July 13, 2021
At this Tyrolean Abbey, a Museum Bridges Centuries and Architectural Styles
MoDus Architects devised a tripartite addition to the 12th century religious campus to house museum facilities and galleries.
Although it dates to 1142, the Novacella Abbey still plays a 360-degree role in the life of the South Tyrol region outside Bressanone The complex is an epicenter of spiritual, scholarly, viticultural, community, tourist, and business activities in the picturesque alpine community. As in a village, these disparate enterprises are manifest in an almost 900-year accretion of architecture: Diverse detached buildings range from chapels, residences, and classrooms for boarding school students to a historically significant library and one of the oldest active wineries in the world. This June, a new entrance and extension opened in three converted, abutting buildings to host the abbey’s museum, a collection of cultural artifacts that includes altarpieces, religious sculptures, liturgical objects, frescoes, and even scientific devices.
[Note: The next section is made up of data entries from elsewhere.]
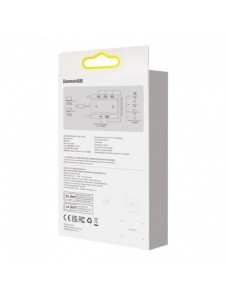 Baseus Lite Series HUB 4-portar (USB-A till 4xUSB-A 3.0) 0,25 m svart (WKQX030001)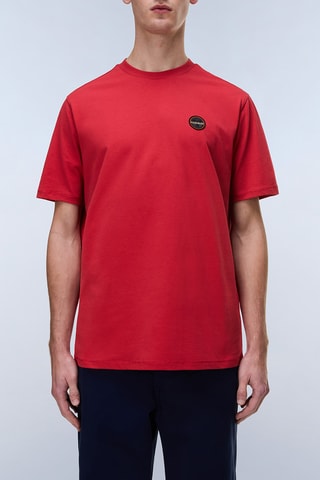 T-shirt relaxed - S-Badge Ss 1 - Rouge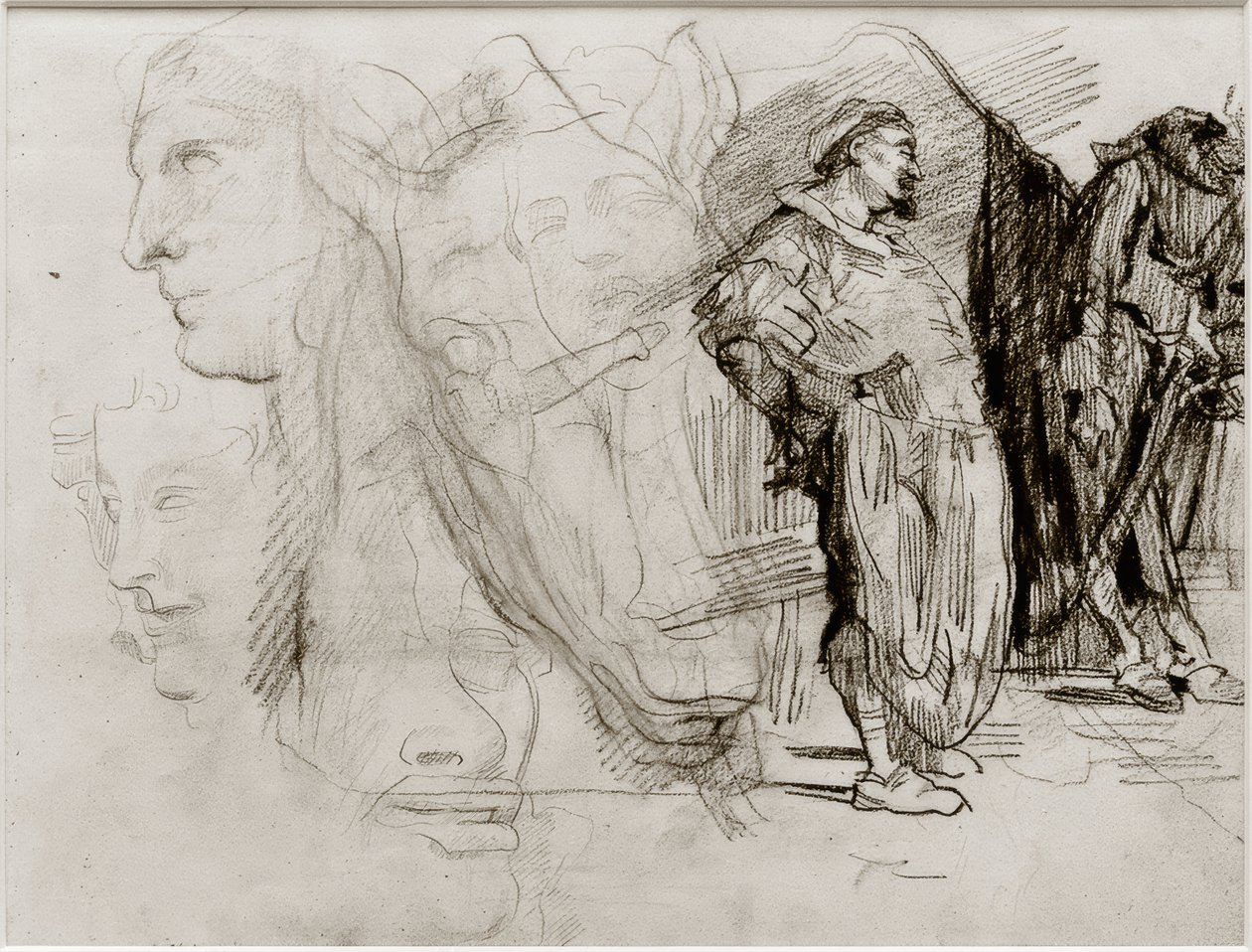 Don Quichot en paardenhoofd door James Sidney Ensor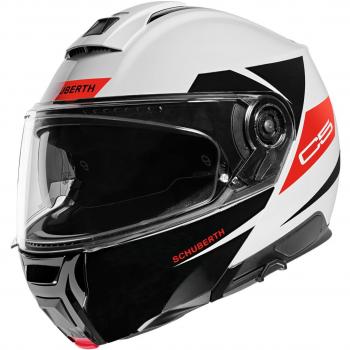 Schuberth C5 Eclipse Casco Modular Rojo-Blanco (XL)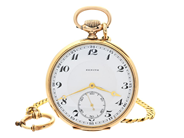 Watches, ZENITH, pocket watch, in auction: Watches – Saturday 3 January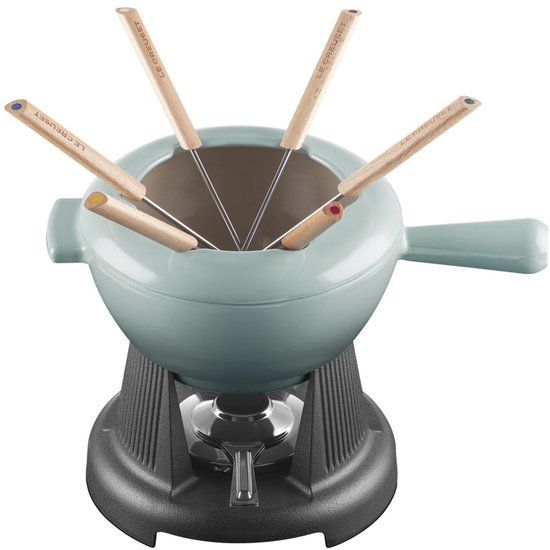 Le Creuset gietijzeren fondueset - 2 liter - Sea Salt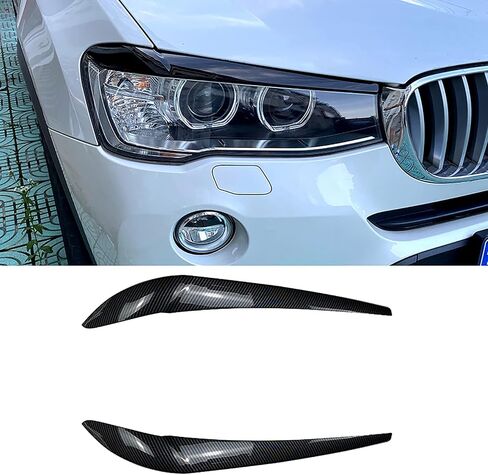 حواجب السيارة الأمامية لسيارة BMW X3 F25 X4 F26 2014-2017 غطاء حواجب السيارة الأمامي StripsA-أسود لامع in Saudi Arabia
Designed by Cairo-born Sandy Attia and Trieste-born Matteo Scagnol of MoDus Architects, the project—equal parts demolition, restoration, and renovation—embraces and unifies the abbey’s conspicuous heterogeneity.
On a simultaneously dense and sprawling property, the project turns once unrelated buildings—a storehouse, warehouse, and laundry service room or lavatorium—into what Scagnol describes aptly as a “triptych”. The first building now serves as the museum entry hall, hosting a ticket counter, museum shop, and the permanent exhibition. The second is a hall containing a stairway and elevator tower wrapped in a botanical-themed artwork by Paul Renner, while the third contains a temporary exhibition space and event room. From the outside, however, the only evidence of change is a sleek blackened copper-clad elevated bridge between buildings.
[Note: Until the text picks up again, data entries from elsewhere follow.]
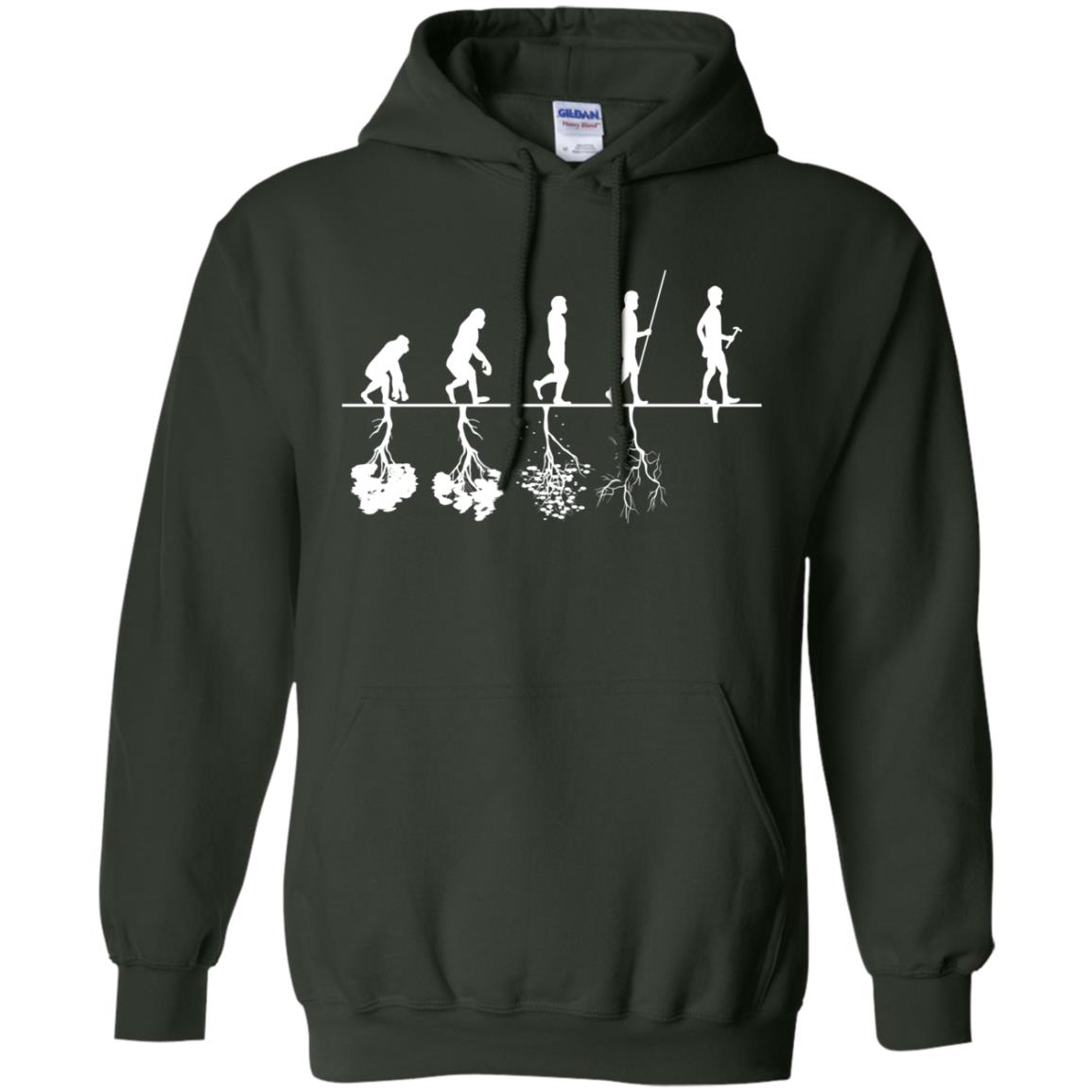 Evolution Tree Of Human Life Thinking Save Environment Shirt Forest Green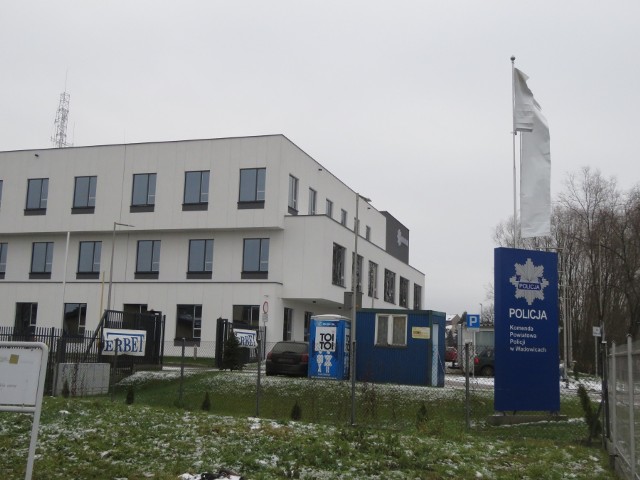 Nowa siedziba wadowickiej policji. Pawilony przy ul. Piłsudskiego w Wadowicach oddano do użytku w lutym 2021 r.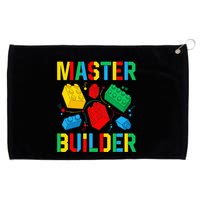 Master Builder Building Blocks Brick Toy Master Builder Grommeted Golf Towel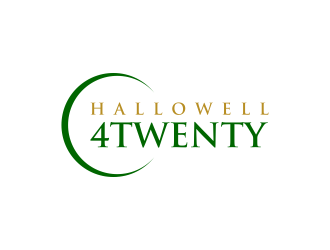 Hallowell 4twenty logo design by ammad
Even as they echoed the architectural variety outside, Attia and Scagnol used limited materials inside—copper, glass, concrete, and wood—to blend new with existing elements like freshly exposed wooden eaves and rough plasterwork. The scheme amplifies the contemplative atmosphere while establishing relationships and subtle distinctions among old and new. “We found affinities between materials,” says Attia. “The bush-hammered, exposed concrete is a reinterpretation of the roughhewn stucco work, the wooden rafters of the roof are revisited in the custom-built lighting element hung above the ticket desk, the copper gutters found throughout Novacella are reconstituted as an entire facade, and the glass of the bottle bottoms that filter light through small apertures in the historic structures repurposes the large apertures of the rural storehouse as generous windows.”
From an entry hall now suited to gathering and dispersing, the museum inhabits disparate parts of the Abbey with connections that would otherwise be difficult to discern. The addition offers a clear beginning and end point while orienting and ferrying visitors across various historical eras. “The architecture itself, however, is discreet,” explains Attia. “It grafts itself into the existing conditions to elevate mundane structures into a cultural experience that fuses historical and contemporary vocabularies.”